Money is not always a primary engagement driver for employees — although the perception of unfairness or an organizational caste system (in which there are clear “haves” and “have nots”) is certain to lead to disengagement. Purpose, however, is an engagement driver. Indeed, organizations that build their cultures around purpose generally have higher levels of engagement than those that don't.

These companies are in on a powerful secret: Companies that know their own purpose, values, vision, and strategic plan (their “line of sight”), and that believe in corporate social responsibility, are better positioned to win over the hearts and minds of their employees. And not surprisingly, employees who are duly won over are significantly more likely to be engaged.

As a shining example of employee engagement, the Four Seasons hotel is renowned for its service culture.

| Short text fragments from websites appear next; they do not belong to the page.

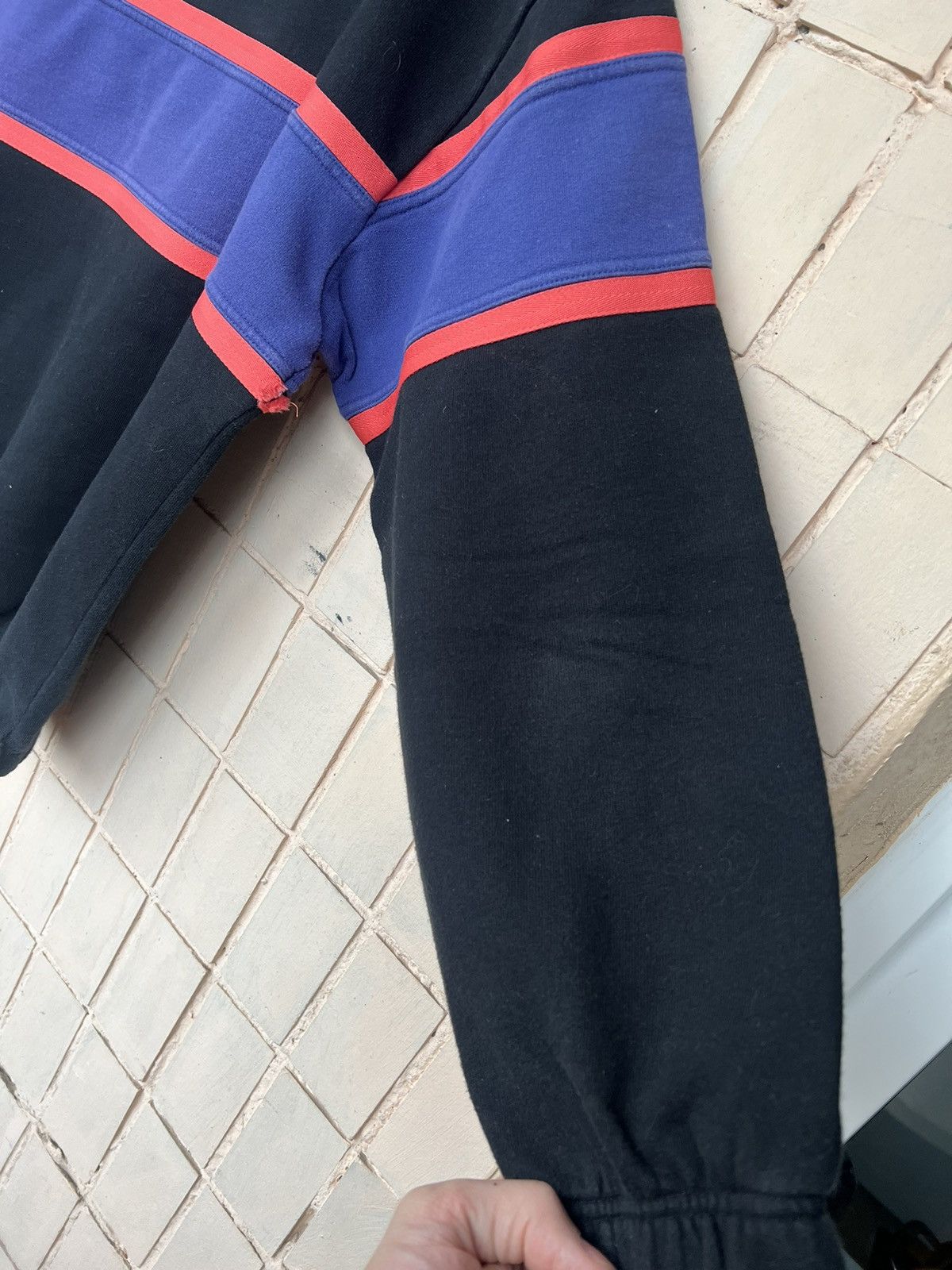 Dainese Vintage Dainese Moto Racing Course Sweatshirt USA Style Size US M / EU 48-50 / 2 - 15 Thumbnail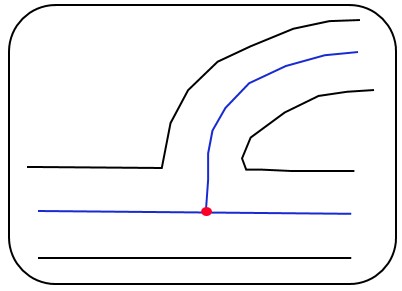 Skewed T-Junction with perpendicular connection - Figure 26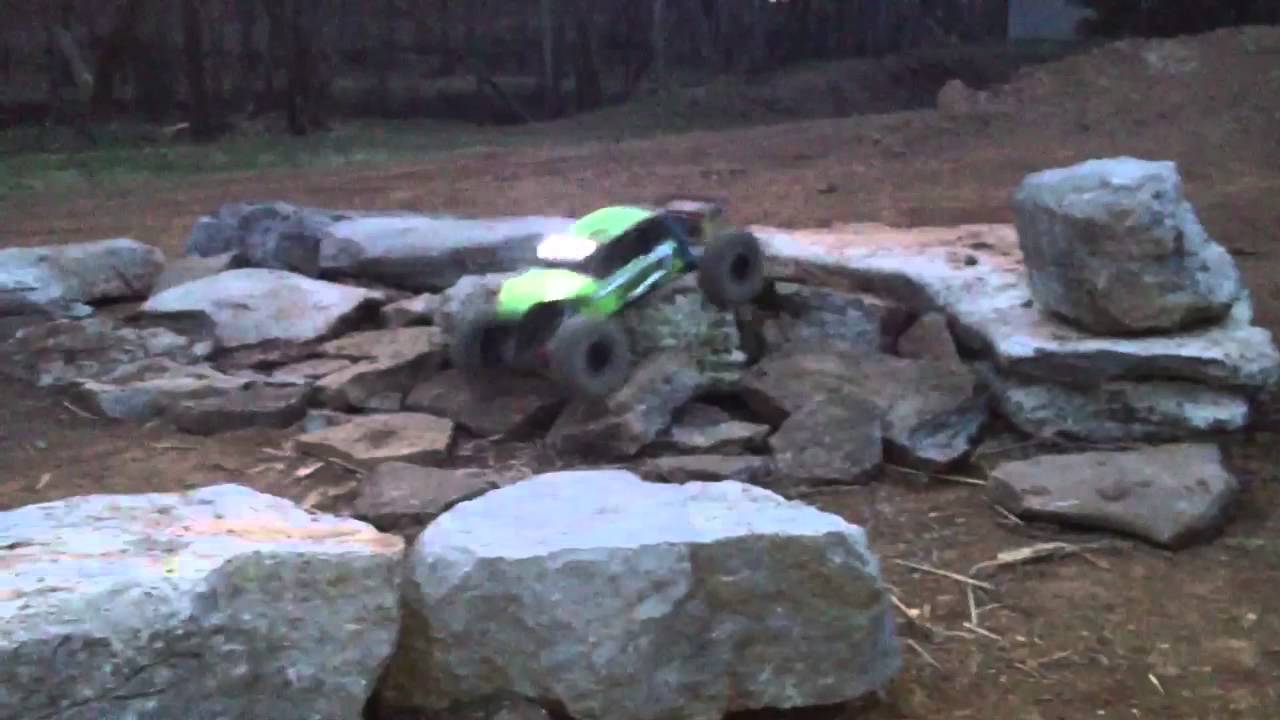Solid axle Exo Wrexo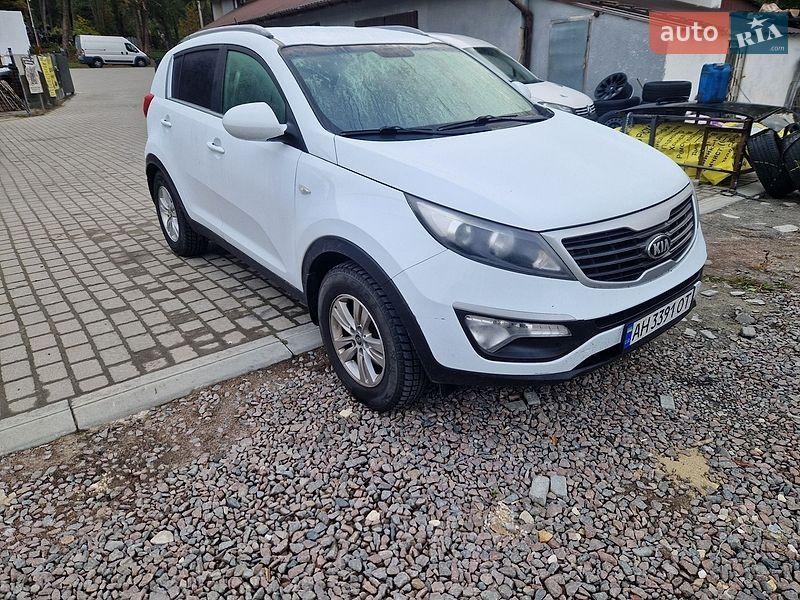 Kia Sportage 2013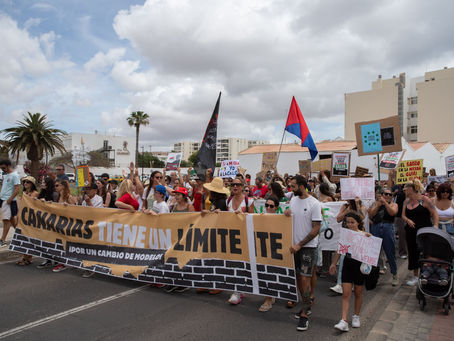 Lanzarote – paradise for tourists or inept politicians?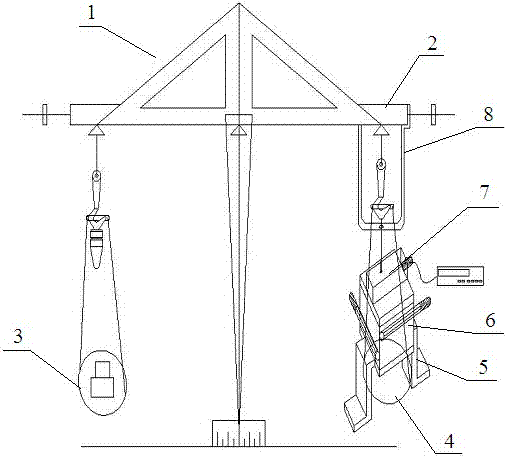 Tensile Force Measuring Device for Tiny Force Measuring Instrument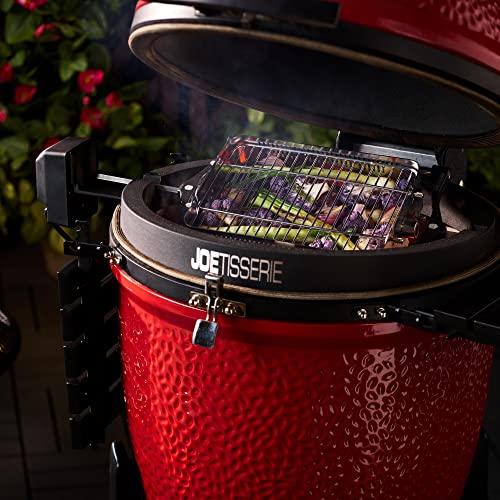 Kamado Joe JoeTisserie Basket Kit - Grill Rotisserie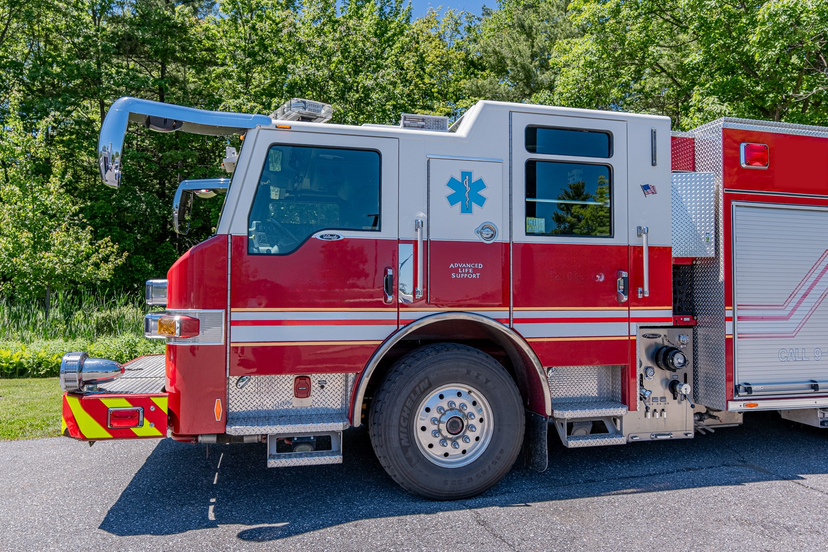 2009 Pierce Enforcer Pumper — photo 4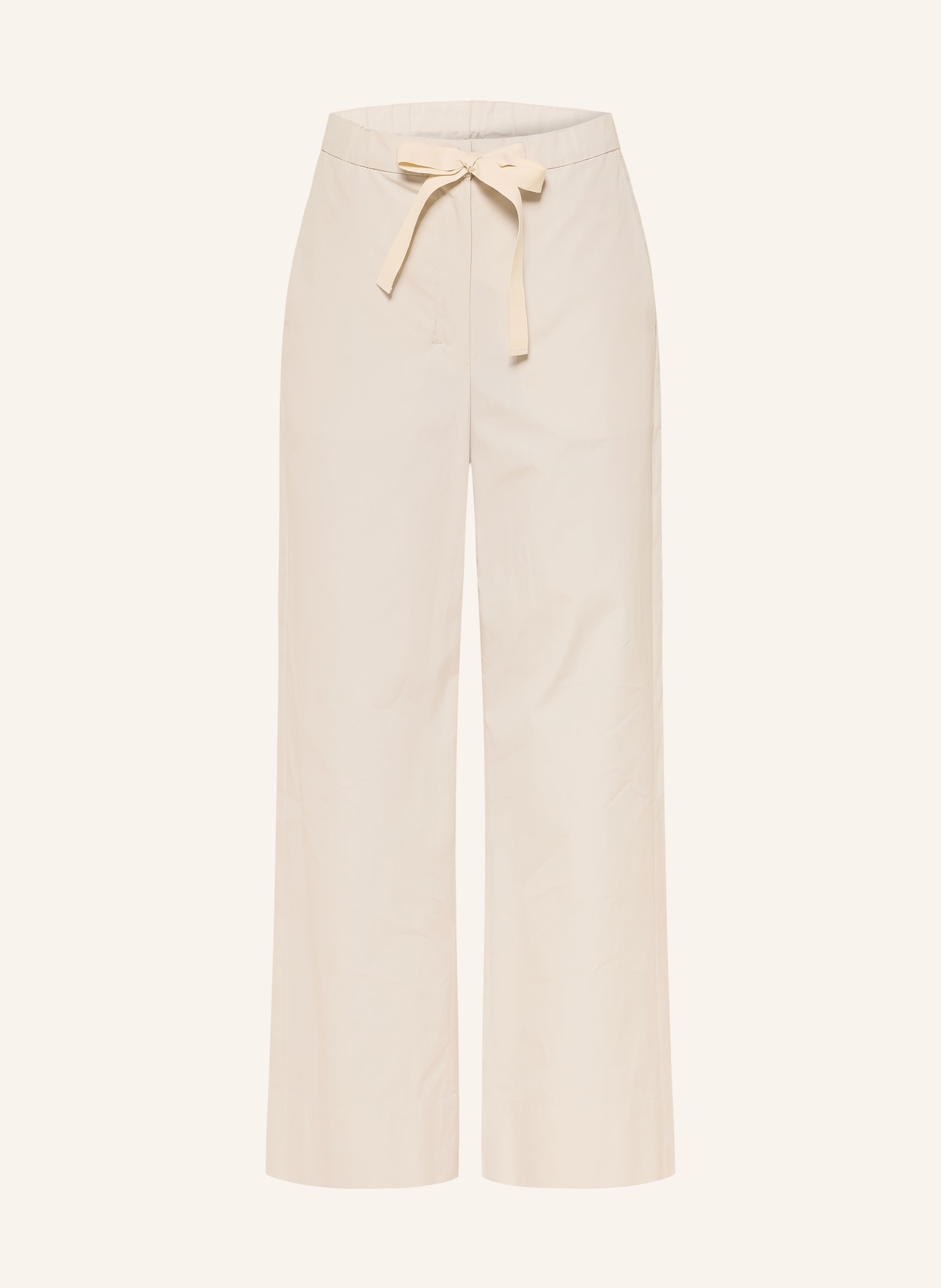 S Max Mara ARGENTO culottes: ECRU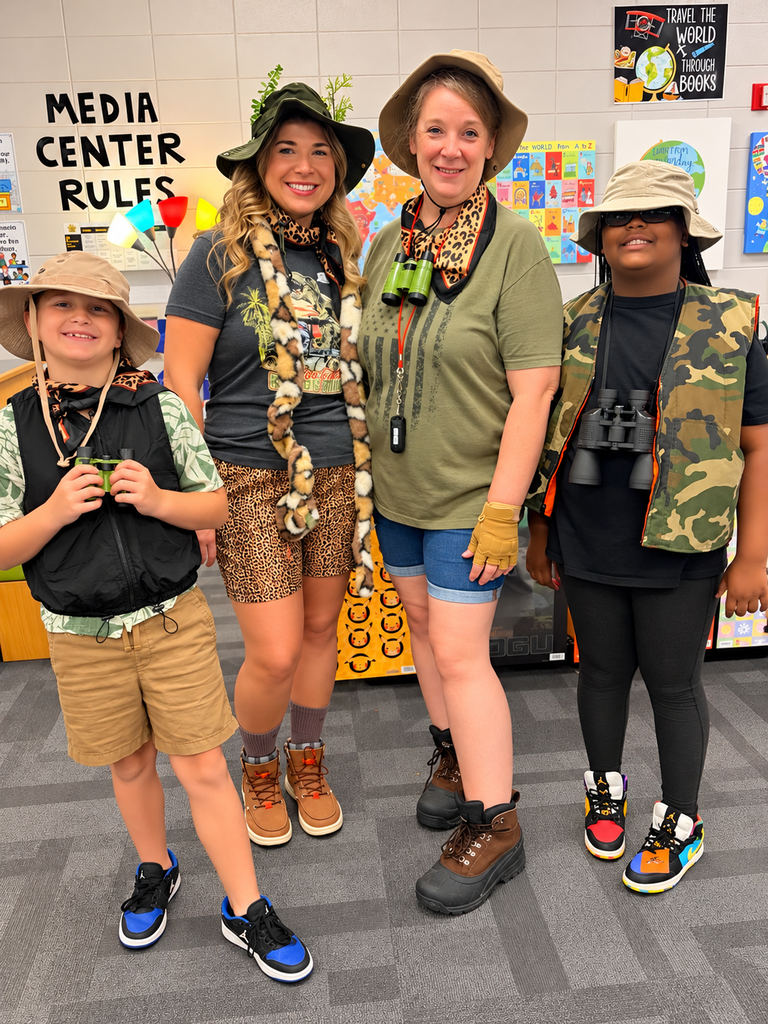 🐯🖤💛 Homecoming Week Fun at CES! 💛🖤🐯 Our Little Tigers have had the BEST time celebrating Homecoming Week! 🎉 From showing off their wild side on Animal Print Day to switching things up for Teacher/Kid Swap Day, matching with friends on Twin Day, exploring the jungle on Jungle Safari Day, and showing their Tiger pride in Black and Gold, we’ve had a week full of fun, laughter, and school spirit! 🐾🌴✨ Enjoy these pictures of all the fun and fabulous outfits from our Little Tigers! We love seeing our students and staff come together to make Homecoming Week so special! 🖤💛 Once a Tiger, always a Tiger! 🐯 #ClaxtonTigers #CESProud #HomecomingWeek #TigerPride #PardonOurProgress #SuccessUnderConstruction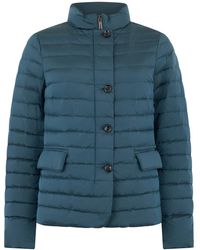Moorer - Jassen ,Blauw ,Aisha Jacket - Lyst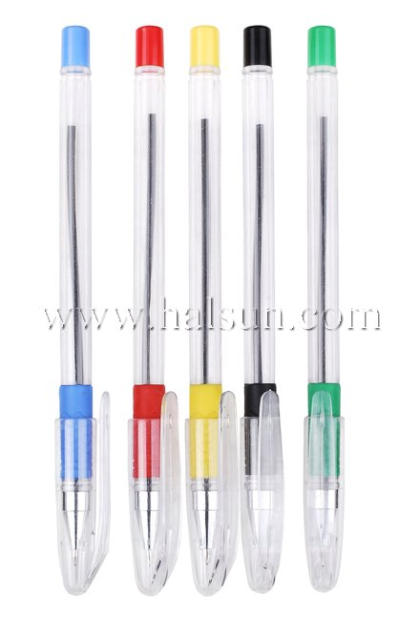 Ballpoint pens with cap_HSBPA6182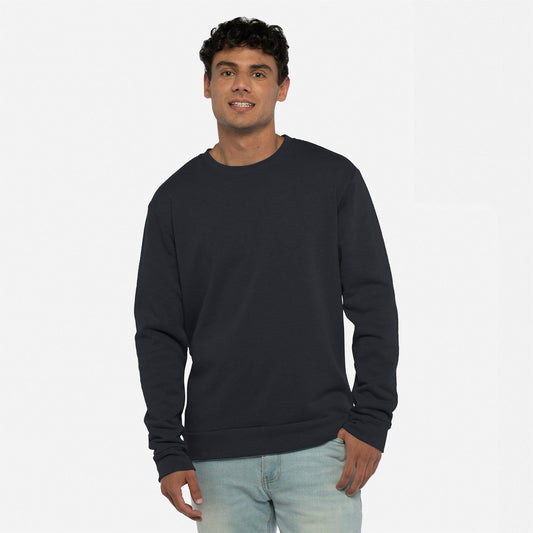 Malibu Sweatshirt - Heather Midnight Navy - The American Threads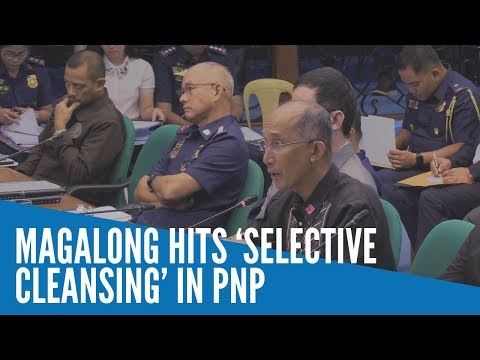 Magalong slams ‘selective’ PNP ranks cleansing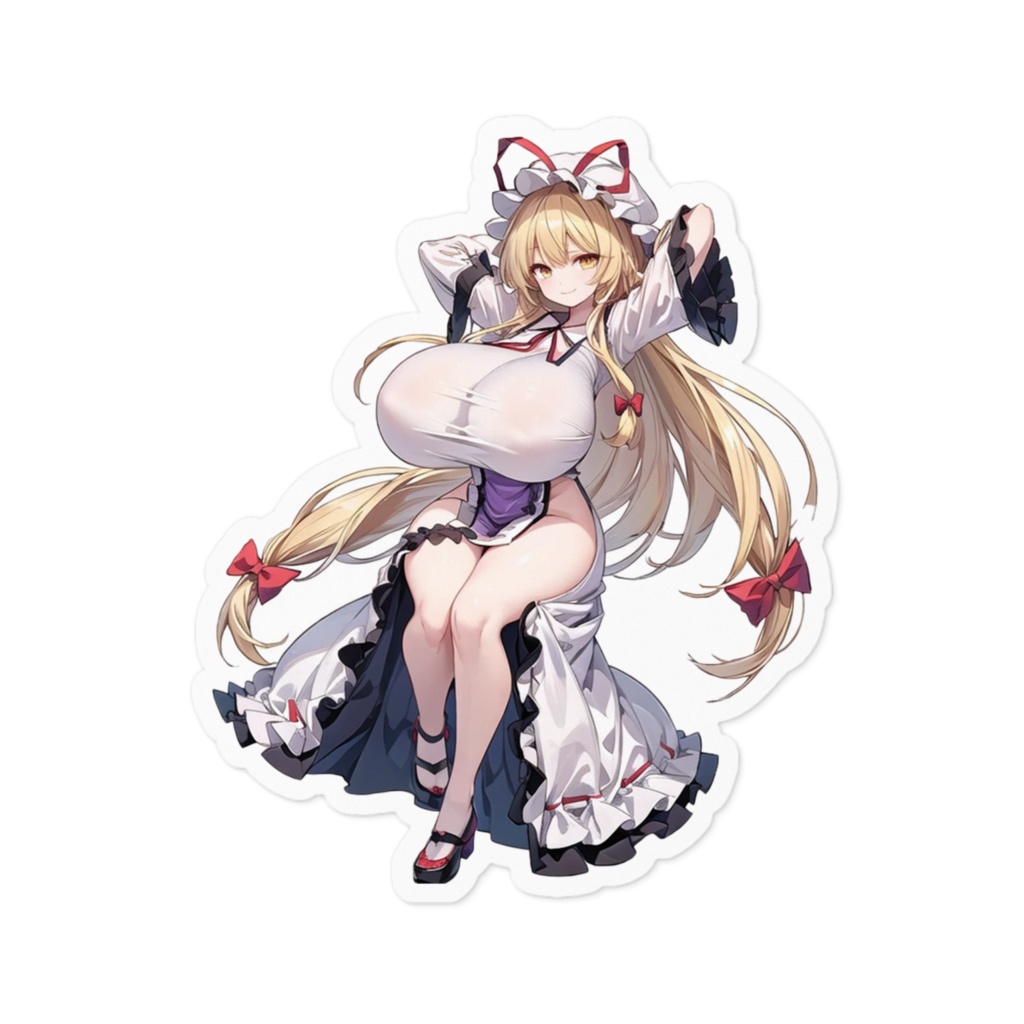 DC東方Projectステッカー 八雲紫05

This is underscored by its mission statement, which includes the following components:

  • What we believe: Our greatest asset, and the key to our success, is our people. We believe that each of us needs a sense of dignity, pride, and satisfaction in what we do. Because satisfying our guests depends on the united efforts of many, we are most effective when we work together cooperatively, respecting each other's contribution and importance.

  • How we behave: We demonstrate our beliefs most meaningfully in the way we treat each other and by the example we set for one another. In all our interactions with our guests, customers, business associates, and colleagues, we seek to deal with others as we would have them deal with us.

In other words, the Four Seasons has been very successful in building a “line of sight” between its mission statement and the behaviors of its employees.

For organizations to develop a “line of sight,” they must answer the following questions:

  • Why do we exist (purpose)?

  • Who are we (values)?

  • Where are we going (vision)?

  • How will we get there (strategic plan)?

In addition, organizations must assess how they are doing — in other words, develop a scorecard of sorts.

How does building this “line of sight” boost engagement? Simple. It all has to do with aligning your organization with its purpose. When people care deeply about something, or are invested in an activity, cause, or job — intellectually and emotionally — they're generally more passionate about the outcome than when they are not invested.

If you don't believe me, consider people who donate their time to their community food kitchen, their church, local youth sports organizations, or charities. Do they get paid? No. So, why do they do it? Why do they invest time and energy in something that doesn't pay the mortgage? They do it because it has a purpose. It's a higher calling.

As an aside, just as it's important to create a company-level line of sight, it's also critical to create a personal-level one — that is, to help individuals develop a clear picture of where they are today in their careers and where they're going. You want employees to understand the company's strategic plan, and to know where they fit in that plan.